Des enquêtes sur un mode empathique

C’est à la mode de faire des expéditions d’apprentissage” précise Emmanuel Bonnet, enseignant-chercheur à l’ESC Clermont et animateur du séminaire de découverte. “Ca doit être sympa mais aussi pédagogique”. Car il ne s’agit pas d’un simple exercice, ni d’une mission de conseil étudiant : se rendre sur les lieux de l’étude est bien une enquête, une approche du problème par l’empathie. “On se confronte aux acteurs qui vivent la situation, on fait exprès de placer les étudiants au coeur de situations très problématiques” selon Emmanuel.

Découvrir, échanger, comprendre comment le modèle économique basé sur le tourisme du ski n’est plus tenable aujourd’hui.

Car l’enjeu n’est pas d’apporter une solution à un problème. Toute la première moitié de cette année – dont la thématique du “changement climatique et des modèles économiques des stations de sport d’hiver” est transversale – est dédiée à la compréhension du problème. Mais l’angle est bien économique. “On a rarement posé un modèle économique sur 10 à 30 ans” pour Emmanuel. “On va tenter de re-designer ces modèles, en questionnant des outils classiques comme le Business Model Canvas ou la proposition de valeur” par exemple avec le Flourishing Business Canvas

Les outils et l’approche ont en effet été testées par l’équipe de l’ESC Clermont, notamment lors d’un atelier intitulé “design et mondes soutenables” en janvier 2020 avec 200 alternants. Si la première étape est de démarrer avec des situations empiriques, au contact du terrain, l’aboutissement réside dans le travail de design (au sens de design thinking) : pour les étudiants du Master, il aura lieu en avril, lors des ateliers consacrés aux nouveaux modèles économiques et animés par Marie-Cécile Godwin-Paccard

Marie-Cécile présente la discipline et l’enjeu du design, lors d’un atelier sur la “low-tech” en novembre 2019 à l’ESC Clermont

La clé est bien dans l’abandon d’une logique “problème -> solution” selon Emmanuel Bonnet. “On est sur les concepts d’anthropocène, de vulnérabilité, de limites planétaires” insiste-t-il. “On ne parle ni RSE, ni développement durable. Au contraire ! Il ne faut pas aborder le sujet avec des solutions en tête, mais plutôt s’intéresser à la réaction des acteurs du terrain.”
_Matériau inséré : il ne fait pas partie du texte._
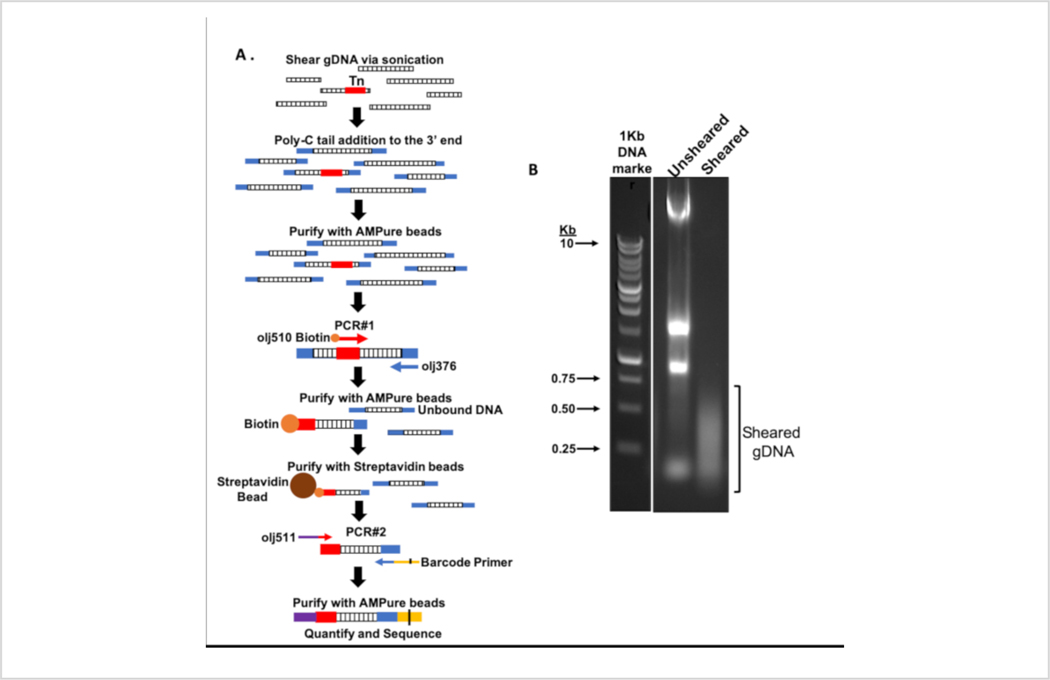 Figure 3:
Vers la fin du tout-ski alpin ?

Car l’écosystème – naturel et socio-économique – de la montagne française est le premier à être touché globalement par le dérèglement climatique. En particulier pour les stations qui vivent aujourd’hui très majoritairement du tourisme lié au ski alpin. Si plusieurs critères comme la localisation, l’altitude, la configuration du domaine peuvent jouer, ces sites dont dans un état de vulnérabilité inquiétant.

L’écosystème de la montagne française est le premier à être touché globalement par le dérèglement climatique

Loïc Giaccone est responsable éditorial du Centre de ressources pour l’adaptation au changement climatique au sein du Cerema (Centre d’études et d’expertise sur les risques, l’environnement, la mobilité et l’aménagement). Il est également expert auprès des acteurs du ski français en matière de transition économique et écologique, et collabore au Master of Science Strategy and Design for Anthropocene. Il alerte notamment sur la situation du Massif Central : “[ce dernier] dispose de stations situées à basse et moyenne altitude, ce qui rend la menace climatique plus prégnante. Si les émissions [de gaz à effet de serre] ne baissent pas, il est probable qu’il n’y ait plus de ski alpin dans la seconde moitié du siècle”.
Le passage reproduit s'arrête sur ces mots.